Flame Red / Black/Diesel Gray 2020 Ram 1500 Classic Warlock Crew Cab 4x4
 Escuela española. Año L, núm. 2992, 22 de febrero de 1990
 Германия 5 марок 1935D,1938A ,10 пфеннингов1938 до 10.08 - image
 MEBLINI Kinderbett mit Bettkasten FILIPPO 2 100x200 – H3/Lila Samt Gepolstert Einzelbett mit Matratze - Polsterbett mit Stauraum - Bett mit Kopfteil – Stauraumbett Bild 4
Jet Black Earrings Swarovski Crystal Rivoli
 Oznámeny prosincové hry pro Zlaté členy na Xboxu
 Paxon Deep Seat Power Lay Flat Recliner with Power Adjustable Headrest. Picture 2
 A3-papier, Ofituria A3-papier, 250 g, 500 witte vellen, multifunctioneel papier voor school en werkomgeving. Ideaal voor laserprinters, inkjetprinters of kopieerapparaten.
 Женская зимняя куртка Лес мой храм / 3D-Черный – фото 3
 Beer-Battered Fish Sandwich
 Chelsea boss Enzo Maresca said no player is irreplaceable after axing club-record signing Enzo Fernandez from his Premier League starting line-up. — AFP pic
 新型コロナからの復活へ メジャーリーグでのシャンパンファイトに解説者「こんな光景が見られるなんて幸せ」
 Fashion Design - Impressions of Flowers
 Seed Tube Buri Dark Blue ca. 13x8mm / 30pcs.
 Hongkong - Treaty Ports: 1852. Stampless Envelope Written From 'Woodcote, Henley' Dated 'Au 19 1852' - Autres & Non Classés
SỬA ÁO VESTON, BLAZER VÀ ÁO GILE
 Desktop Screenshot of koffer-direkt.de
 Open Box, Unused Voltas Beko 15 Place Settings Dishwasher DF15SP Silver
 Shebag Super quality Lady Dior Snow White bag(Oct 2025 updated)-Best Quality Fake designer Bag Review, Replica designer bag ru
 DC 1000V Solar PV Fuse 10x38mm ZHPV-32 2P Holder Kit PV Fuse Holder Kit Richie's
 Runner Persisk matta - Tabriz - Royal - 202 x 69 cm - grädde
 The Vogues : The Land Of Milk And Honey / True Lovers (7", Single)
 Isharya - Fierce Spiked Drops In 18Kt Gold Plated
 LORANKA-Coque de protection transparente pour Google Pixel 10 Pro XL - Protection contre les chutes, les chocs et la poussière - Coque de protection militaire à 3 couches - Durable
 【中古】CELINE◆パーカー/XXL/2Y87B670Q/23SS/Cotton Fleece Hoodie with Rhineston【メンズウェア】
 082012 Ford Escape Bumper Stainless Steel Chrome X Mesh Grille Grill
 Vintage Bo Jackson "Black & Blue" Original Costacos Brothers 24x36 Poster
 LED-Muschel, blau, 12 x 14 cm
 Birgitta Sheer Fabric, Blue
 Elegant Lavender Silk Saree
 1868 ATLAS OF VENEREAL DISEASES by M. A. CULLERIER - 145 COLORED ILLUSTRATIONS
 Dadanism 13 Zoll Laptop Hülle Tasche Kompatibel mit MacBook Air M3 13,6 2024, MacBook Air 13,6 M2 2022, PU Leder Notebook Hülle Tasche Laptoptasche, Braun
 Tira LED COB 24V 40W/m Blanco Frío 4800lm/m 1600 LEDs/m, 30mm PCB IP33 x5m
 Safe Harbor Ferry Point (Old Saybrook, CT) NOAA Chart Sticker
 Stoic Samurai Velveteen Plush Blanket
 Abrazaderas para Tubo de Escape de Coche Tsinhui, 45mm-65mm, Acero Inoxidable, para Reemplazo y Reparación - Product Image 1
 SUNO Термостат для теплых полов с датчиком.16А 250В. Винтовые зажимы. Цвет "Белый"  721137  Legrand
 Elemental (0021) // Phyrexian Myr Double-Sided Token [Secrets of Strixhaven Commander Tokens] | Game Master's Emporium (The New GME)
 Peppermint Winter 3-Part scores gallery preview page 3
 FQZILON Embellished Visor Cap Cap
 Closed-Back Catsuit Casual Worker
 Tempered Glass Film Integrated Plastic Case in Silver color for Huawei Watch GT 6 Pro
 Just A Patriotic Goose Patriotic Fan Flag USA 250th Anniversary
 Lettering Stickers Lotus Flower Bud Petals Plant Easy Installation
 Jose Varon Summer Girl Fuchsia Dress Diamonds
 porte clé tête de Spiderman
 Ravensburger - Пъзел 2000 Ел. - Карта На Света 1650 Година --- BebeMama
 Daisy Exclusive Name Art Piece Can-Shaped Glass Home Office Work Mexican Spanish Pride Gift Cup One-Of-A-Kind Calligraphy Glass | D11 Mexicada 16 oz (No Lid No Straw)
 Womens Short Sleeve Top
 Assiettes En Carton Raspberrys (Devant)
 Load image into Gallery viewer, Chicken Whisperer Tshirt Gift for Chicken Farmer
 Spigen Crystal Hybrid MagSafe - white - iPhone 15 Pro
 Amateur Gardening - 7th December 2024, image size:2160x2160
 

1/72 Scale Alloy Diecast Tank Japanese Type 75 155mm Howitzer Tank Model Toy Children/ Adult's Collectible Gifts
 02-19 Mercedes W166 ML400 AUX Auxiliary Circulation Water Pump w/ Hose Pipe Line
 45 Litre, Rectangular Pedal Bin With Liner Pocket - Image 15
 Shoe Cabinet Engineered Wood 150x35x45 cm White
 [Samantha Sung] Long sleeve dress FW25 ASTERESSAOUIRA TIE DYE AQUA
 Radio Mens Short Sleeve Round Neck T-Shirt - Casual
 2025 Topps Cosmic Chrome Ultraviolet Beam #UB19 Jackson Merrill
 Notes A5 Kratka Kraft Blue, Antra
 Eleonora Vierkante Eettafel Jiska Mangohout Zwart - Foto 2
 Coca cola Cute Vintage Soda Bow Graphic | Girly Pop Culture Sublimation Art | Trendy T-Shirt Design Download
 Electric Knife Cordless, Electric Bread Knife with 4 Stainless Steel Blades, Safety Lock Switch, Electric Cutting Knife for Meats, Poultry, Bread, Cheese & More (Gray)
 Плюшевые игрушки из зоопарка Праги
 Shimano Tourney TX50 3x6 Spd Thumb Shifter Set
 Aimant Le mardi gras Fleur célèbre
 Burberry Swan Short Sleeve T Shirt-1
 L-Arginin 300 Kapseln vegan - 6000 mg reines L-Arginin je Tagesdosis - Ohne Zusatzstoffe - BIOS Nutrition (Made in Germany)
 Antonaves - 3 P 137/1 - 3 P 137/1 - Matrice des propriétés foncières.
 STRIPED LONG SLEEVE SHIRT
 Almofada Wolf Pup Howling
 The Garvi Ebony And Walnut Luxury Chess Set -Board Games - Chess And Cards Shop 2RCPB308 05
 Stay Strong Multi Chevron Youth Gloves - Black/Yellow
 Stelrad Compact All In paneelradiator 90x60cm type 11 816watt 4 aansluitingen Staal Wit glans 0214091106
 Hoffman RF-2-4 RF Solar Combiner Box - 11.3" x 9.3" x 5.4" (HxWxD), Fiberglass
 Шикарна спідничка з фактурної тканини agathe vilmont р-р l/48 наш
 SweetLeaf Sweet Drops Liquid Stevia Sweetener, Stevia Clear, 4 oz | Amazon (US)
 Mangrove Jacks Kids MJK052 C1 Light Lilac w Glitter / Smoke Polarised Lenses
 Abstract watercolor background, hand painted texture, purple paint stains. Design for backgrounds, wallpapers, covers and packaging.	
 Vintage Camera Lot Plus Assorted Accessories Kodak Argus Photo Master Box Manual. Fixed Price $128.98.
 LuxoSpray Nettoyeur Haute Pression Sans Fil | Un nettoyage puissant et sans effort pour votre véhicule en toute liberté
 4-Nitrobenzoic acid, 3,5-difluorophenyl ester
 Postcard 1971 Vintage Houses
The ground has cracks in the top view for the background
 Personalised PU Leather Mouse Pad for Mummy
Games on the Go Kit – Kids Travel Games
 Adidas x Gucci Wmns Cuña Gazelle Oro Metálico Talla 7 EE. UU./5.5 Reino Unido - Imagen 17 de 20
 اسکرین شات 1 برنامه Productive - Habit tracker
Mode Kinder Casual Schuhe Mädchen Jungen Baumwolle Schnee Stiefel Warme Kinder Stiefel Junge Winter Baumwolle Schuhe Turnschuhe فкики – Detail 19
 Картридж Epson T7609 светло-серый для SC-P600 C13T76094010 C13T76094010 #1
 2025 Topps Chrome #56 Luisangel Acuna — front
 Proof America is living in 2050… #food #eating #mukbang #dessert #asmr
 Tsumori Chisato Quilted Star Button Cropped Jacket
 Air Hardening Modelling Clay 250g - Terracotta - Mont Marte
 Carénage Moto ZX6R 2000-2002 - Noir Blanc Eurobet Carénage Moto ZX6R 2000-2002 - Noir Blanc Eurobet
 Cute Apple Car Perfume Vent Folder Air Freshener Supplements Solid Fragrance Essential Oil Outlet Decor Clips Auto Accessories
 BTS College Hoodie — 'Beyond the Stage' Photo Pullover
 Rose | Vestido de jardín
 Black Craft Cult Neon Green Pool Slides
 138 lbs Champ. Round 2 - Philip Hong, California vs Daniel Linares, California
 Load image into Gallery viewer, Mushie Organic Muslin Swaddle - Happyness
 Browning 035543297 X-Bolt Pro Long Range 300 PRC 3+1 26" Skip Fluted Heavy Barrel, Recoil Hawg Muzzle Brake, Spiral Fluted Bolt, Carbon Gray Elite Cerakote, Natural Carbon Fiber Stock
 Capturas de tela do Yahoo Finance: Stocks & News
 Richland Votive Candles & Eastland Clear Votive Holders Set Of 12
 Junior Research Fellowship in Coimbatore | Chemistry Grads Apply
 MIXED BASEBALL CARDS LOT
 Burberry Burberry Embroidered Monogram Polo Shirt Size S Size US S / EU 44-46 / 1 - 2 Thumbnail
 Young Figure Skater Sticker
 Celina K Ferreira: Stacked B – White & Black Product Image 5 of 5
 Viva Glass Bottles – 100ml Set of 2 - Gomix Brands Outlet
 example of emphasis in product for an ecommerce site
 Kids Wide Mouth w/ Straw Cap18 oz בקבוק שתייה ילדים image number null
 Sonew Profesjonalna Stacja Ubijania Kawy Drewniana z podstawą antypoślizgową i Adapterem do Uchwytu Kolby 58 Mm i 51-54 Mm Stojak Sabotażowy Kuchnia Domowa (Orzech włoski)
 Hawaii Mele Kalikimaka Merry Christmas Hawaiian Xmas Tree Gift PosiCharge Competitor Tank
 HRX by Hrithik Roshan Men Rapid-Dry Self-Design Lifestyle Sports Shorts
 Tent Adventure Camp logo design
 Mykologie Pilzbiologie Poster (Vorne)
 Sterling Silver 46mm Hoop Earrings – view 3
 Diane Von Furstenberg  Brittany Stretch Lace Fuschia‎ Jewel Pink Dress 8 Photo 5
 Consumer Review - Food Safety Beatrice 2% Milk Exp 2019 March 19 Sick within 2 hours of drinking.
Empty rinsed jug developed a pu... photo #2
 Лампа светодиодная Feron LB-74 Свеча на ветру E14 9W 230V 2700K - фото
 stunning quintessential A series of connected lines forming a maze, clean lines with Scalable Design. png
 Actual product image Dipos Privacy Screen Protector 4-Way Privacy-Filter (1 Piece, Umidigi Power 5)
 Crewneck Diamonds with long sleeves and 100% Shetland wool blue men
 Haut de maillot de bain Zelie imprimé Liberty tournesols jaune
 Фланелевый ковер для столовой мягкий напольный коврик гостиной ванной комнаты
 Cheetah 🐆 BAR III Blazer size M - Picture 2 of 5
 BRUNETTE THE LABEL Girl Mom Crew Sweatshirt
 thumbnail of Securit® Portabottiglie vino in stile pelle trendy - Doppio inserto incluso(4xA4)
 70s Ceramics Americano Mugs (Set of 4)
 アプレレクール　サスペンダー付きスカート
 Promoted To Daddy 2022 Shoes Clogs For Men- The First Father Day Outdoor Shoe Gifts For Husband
---
▶ **Directions**
Would you print, exactly as written, every line above from the one holding "STRIPED LONG SLEEVE SHIRT" through the one holding "Hoffman RF-2-4 RF", with both included and no other lines?

▶ **Reply to the exercise**
 STRIPED LONG SLEEVE SHIRT
 Almofada Wolf Pup Howling
 The Garvi Ebony And Walnut Luxury Chess Set -Board Games - Chess And Cards Shop 2RCPB308 05
 Stay Strong Multi Chevron Youth Gloves - Black/Yellow
 Stelrad Compact All In paneelradiator 90x60cm type 11 816watt 4 aansluitingen Staal Wit glans 0214091106
 Hoffman RF-2-4 RF Solar Combiner Box - 11.3" x 9.3" x 5.4" (HxWxD), Fiberglass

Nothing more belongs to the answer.